Throughout, Mr. Morgan's Frost is at a clear disadvantage, a British talk-show host with roaming eyes, immovable hair, and a furry paunch right out of "Austin Powers." Mr. Sheen, so nuanced as Tony Blair in "The Queen," doesn't do anything wrong with the role of Frost, but he also doesn't do anything surprising. For a man whose devil-may-care public image is meant to clash with a paralyzing fear of inadequacy, Mr. Sheen shows far too much comfort with each feint and hesitation. A little-discussed danger with acclaimed stage performances, particularly ones that travel from a successful run elsewhere, is that everything has become too polished, too frozen. Mr.
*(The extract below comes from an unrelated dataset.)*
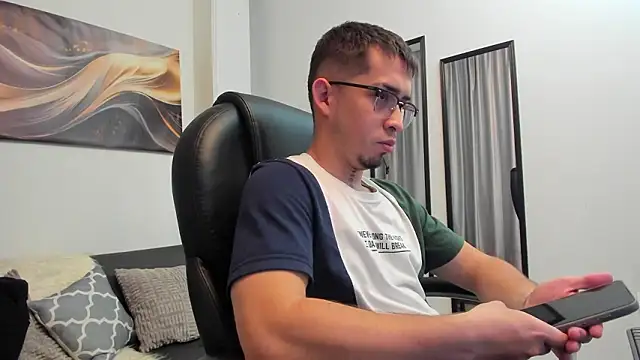 Tommas Jhonson online show from March 2026 03:53:02 AM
Sheen's disciplined, maddeningly competent portrayal reads like a jaded version of something that was once thrilling.

"Comfort" is not a word typically used in relation to Nixon, and Mr. Langella conveys the broken leader's lack of ease with heartrending bravery. The familiar bits of physical shorthand are in evidence — the hunched posture, the rumbling voice, the jowly irresolution — but Mr. Langella never delivers a mere impersonation. As Nixon labors to assume control of this high-tech inquisition, wincing pre-emptively at the opprobrium that he fears will follow him until he dies, Mr. Langella suffuses the stage with Nixon's savage intelligence and almost inexplicable appetite for self-destruction.
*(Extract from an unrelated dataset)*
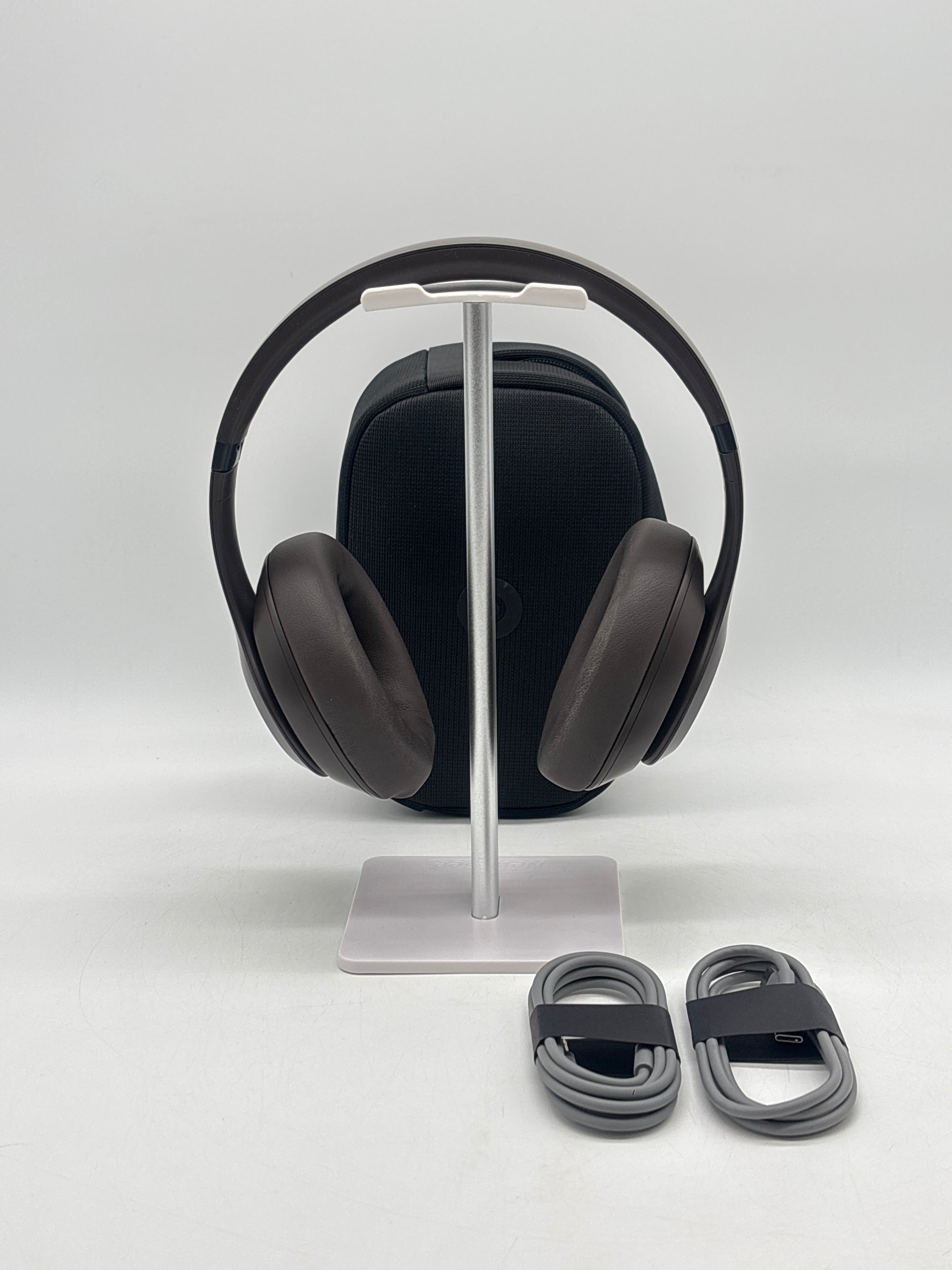 Beats Studio Pro Bluetooth Wireless Headphones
Despite (or perhaps because of ) Nixon's palpable unease at being filmed, playwrights can't help force shoving him in front of the cameras. "Secret Honor," the 1983 one-man show adapted memorably for the screen by Robert Altman, turned Nixon's own surveillance cameras into a mocking hall of mirrors. Now Mr. Grandage and set designer Christopher Oram fill the back of the stage with dozens of TV screens. At first, the two onstage cameras stay at a cool reserve as they replicate the footage from the actual interviews — Nixon's odd hand inflections, Frost's almost cartoonishly casual posture. But as Frost moves in for the kill, so do the cameras. And for the first time in "Frost/Nixon," the enormous simulcast poses a compelling threat to the events onstage — an intense close-up of Mr. Langella's haggard and bloodshot Nixon, "swollen and ravaged by loneliness, self-loathing, and defeat," to quote Reston's extraneous narration.

When he finally meets Nixon before the first interview, Reston expresses surprise at the level of affinity he feels toward his prey. "If you've spent that long hating a man," he says, "in the end a kind of relationship develops. An intimacy." More than a decade after his death, America's similarly fraught relationship with Richard Nixon shows no sign of abating. Thanks to Mr. Morgan's padded but engaging efforts, we have Nixon to kick around once again. And thanks to the triumphant Mr. Langella, Tricky Dick is kicking right back.

Open run (242 W. 45th St., between Broadway and Eighth Avenue, 212-239-6200).